Bay Area Food Banks Are Seeing The New Face Of Hunger
MARTINEZ (KCBS) – A record number of Americans can't afford to put enough food on the table to feed their families. And a surprising number of them are suburban, middle class, and employed. It's what's known as the "new hungry," and it's become a disturbing trend in the Bay Area.
Doug Sovern Reports in the KCBS Cover Story:
The Food Bank of Contra Costa and Solano Counties is feeding more than 130,000 people a month now, which is up 30 percent in the last two years.
"It's just phenomenal the number of folks coming to us, and the service that we have to provide," said food bank Executive Director Larry Sly, who presides over a Costco-like warehouse in Concord.
The facility ships out canned beans and sacks of potatoes, increasingly, to middle class families, who have never known hunger before.
"We get people coming into our places who tell us that a year ago they had a six-figure income but the company downsized, they got laid off, and nothing has happened in a year," said Sly.
One in seven Americans is now on what used to be called Food Stamps, it's now known as SNAP. Many of them have never asked for a handout before.
"It's really humiliating," said Sly. "We get people who are totally embarrassed because they say, 'I've worked my whole life and supported myself. I'm an up-from-my-bootstraps type of person, and now I've got to go ask for help.' So we really try to do the best we can to make it as dignified an operation as possible."
There's nothing humiliating about it to Charlotte Robinson, an occasionally employed teacher in Martinez. She brings her 13-year-old son Armando to eat hot lunches at the Loaves And Fishes food program at the First Baptist Church.
"Pride goes out the door when you're hungry," said Robinson. "You don't really worry about who is going to see you or what you've got on. I notice people coming in here in suits, or working clothes.
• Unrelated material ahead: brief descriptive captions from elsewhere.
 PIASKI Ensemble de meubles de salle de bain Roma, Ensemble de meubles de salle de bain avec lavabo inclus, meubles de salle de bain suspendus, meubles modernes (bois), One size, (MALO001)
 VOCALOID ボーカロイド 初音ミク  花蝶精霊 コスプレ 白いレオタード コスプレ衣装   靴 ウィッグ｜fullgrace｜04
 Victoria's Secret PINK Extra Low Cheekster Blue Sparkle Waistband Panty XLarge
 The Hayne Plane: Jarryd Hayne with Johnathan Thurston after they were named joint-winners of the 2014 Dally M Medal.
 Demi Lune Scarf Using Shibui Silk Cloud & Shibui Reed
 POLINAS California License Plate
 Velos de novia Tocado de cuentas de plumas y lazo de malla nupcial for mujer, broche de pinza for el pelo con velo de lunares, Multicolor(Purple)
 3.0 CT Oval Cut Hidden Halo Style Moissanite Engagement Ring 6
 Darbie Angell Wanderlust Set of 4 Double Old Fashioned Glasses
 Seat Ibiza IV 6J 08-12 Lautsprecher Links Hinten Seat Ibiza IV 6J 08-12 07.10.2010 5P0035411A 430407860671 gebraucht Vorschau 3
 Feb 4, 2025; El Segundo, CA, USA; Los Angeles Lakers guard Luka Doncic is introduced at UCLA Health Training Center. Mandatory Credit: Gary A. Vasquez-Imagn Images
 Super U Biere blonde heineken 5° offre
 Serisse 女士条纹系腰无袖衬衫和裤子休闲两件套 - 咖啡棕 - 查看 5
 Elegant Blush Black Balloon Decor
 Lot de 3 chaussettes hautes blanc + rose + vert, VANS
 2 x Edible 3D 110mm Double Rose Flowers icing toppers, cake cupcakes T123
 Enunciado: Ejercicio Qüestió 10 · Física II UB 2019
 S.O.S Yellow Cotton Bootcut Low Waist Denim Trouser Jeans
Just about anybody is welcome."
Robinson spends so much money on gas and tolls, driving around looking for work, that she depends on the program for free groceries to feed her son.
"If you need bags of food you can just knock at the door and they'll give you bags of food," said Robinson. "They will not turn you down here."
Larry Sly says the spread of suburban hunger has one silver lining that more people realize it could happen to them so they're giving generously enough, that the food bank can meet the growing need.
"We're keeping up with it, but we're running fast," said Sly.